# [Goal of the exercise]
Write out the listing, please, but only from its first line through the line containing "Once you've done", exactly as given and without pictures.

*** Opening Excerpted data ***

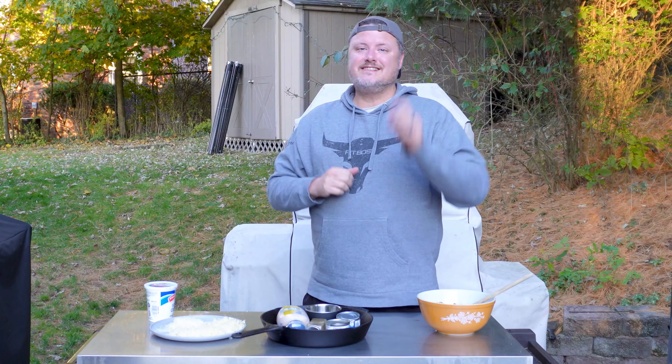Hey, what's up everybody, welcome back to the Holy Smokes Barbecue channel. It's the fall season, and that means football, fall gatherings, and that fall festival kind of stuff. Today I'm going to show you the perfect dish you could bring to any cookout, tailgate party, or fall gathering. We're going to make a smoked cheesy spicy corn dip.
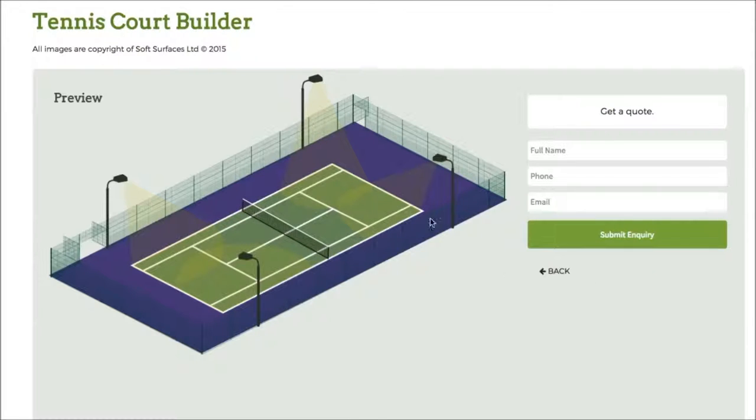Once you've done that you just press next and then you can actually get a quote from this company to have the tennis court installed, which is really great that they've added that on. It's a really nice tennis court building software and I thought I'd just create this quick review to let you know what it's like to use. Thank you very much for watching guys, see you in a bit.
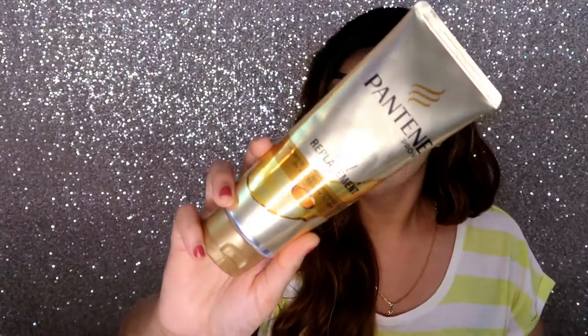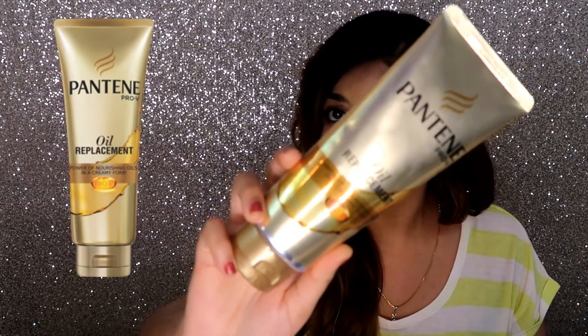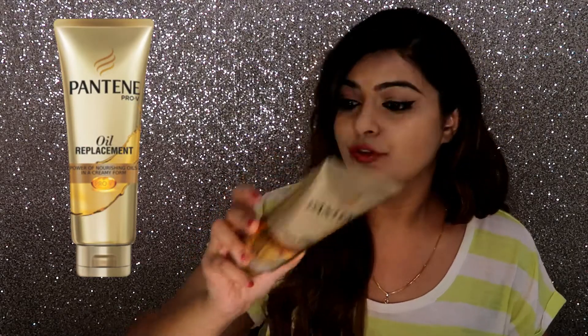Today I am going to be sharing my review for this product, which is Pantene Oil Replacement Cream. This is for 150 rupees for 180ml. Obviously for the price, it is completely okay.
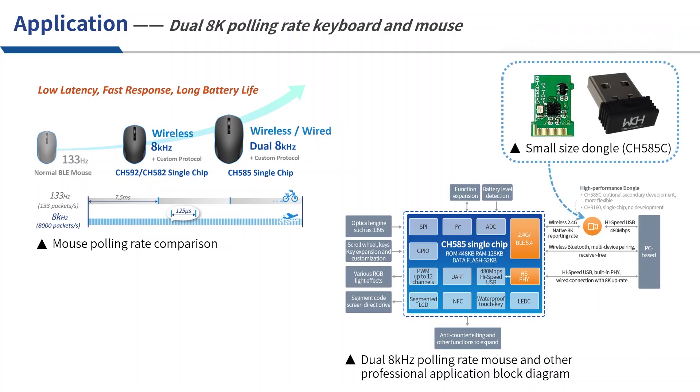This module is a small-size dongle designed using the smallest package CH585C. It is only the size of a USB interface. This is because CH585 requires only minimal peripheral circuits when working. Combined with the rich peripheral interfaces of CH585, it can also realize functions such as light sensor data reading, key scanning, RGB driving, and battery voltage detection.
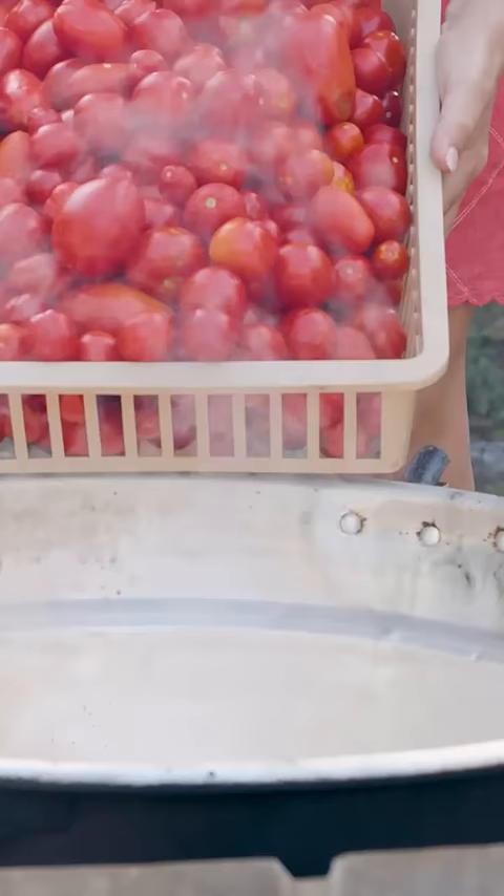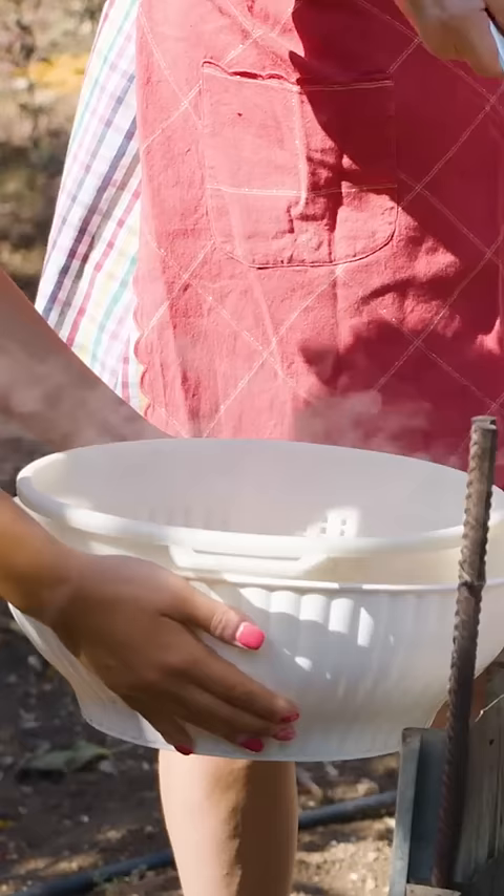The tomatoes are then boiled over a fire in this big pot. Once drained, the tomatoes are placed in this strainer,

*** Closing Excerpted data ***

# [Answer to this exercise]
Hey, what's up everybody, welcome back to the Holy Smokes Barbecue channel. It's the fall season, and that means football, fall gatherings, and that fall festival kind of stuff. Today I'm going to show you the perfect dish you could bring to any cookout, tailgate party, or fall gathering. We're going to make a smoked cheesy spicy corn dip.
Once you've done that you just press next and then you can actually get a quote from this company to have the tennis court installed, which is really great that they've added that on. It's a really nice tennis court building software and I thought I'd just create this quick review to let you know what it's like to use. Thank you very much for watching guys, see you in a bit.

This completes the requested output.